Your reply should set down word for word each line below from the one with "14k Yellow Gold" through the final line, both included, but none of the pictures.

## GIVEN MATERIAL:
== Segment start ==

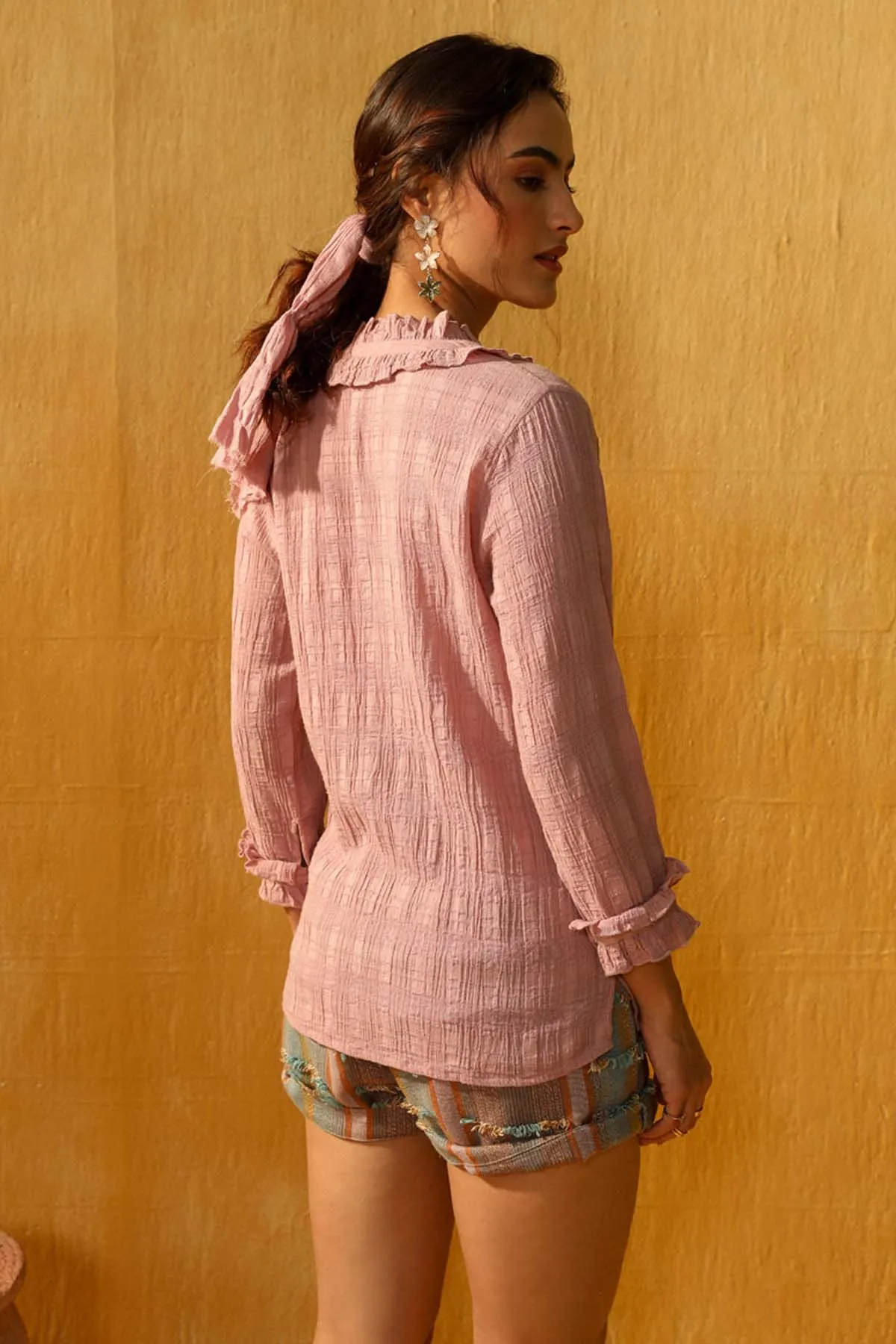 Lilac Frill V-Neck Relaxed Shirt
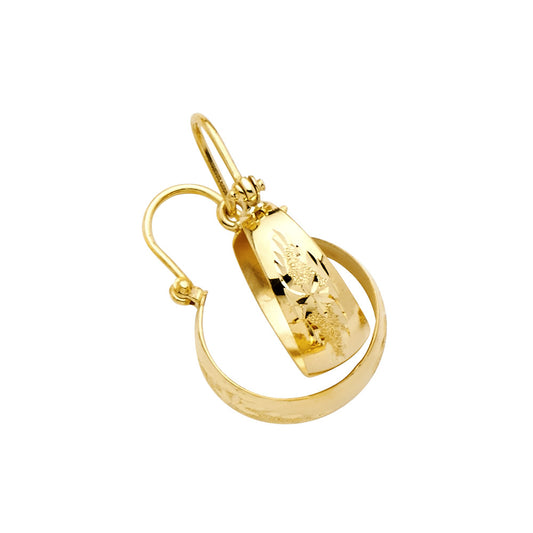 14k Yellow Gold Diamond-Cut Hoop Circle Star Shiny Earrings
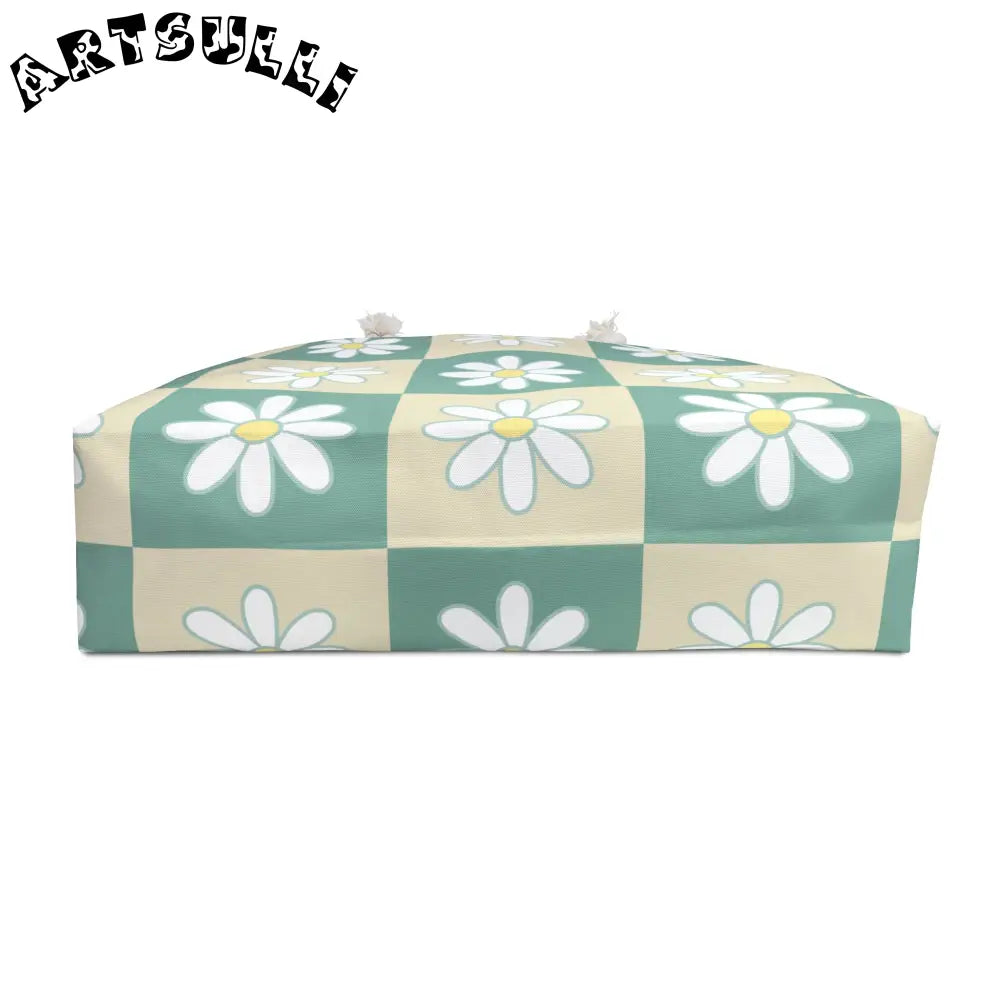 JAKKOUTTHEBXX Retro Daisy Checkerboard Green and Tan Weekender Bag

== Segment end ==

## ANSWER BOX:
 14k Yellow Gold Diamond-Cut Hoop Circle Star Shiny Earrings
 JAKKOUTTHEBXX Retro Daisy Checkerboard Green and Tan Weekender Bag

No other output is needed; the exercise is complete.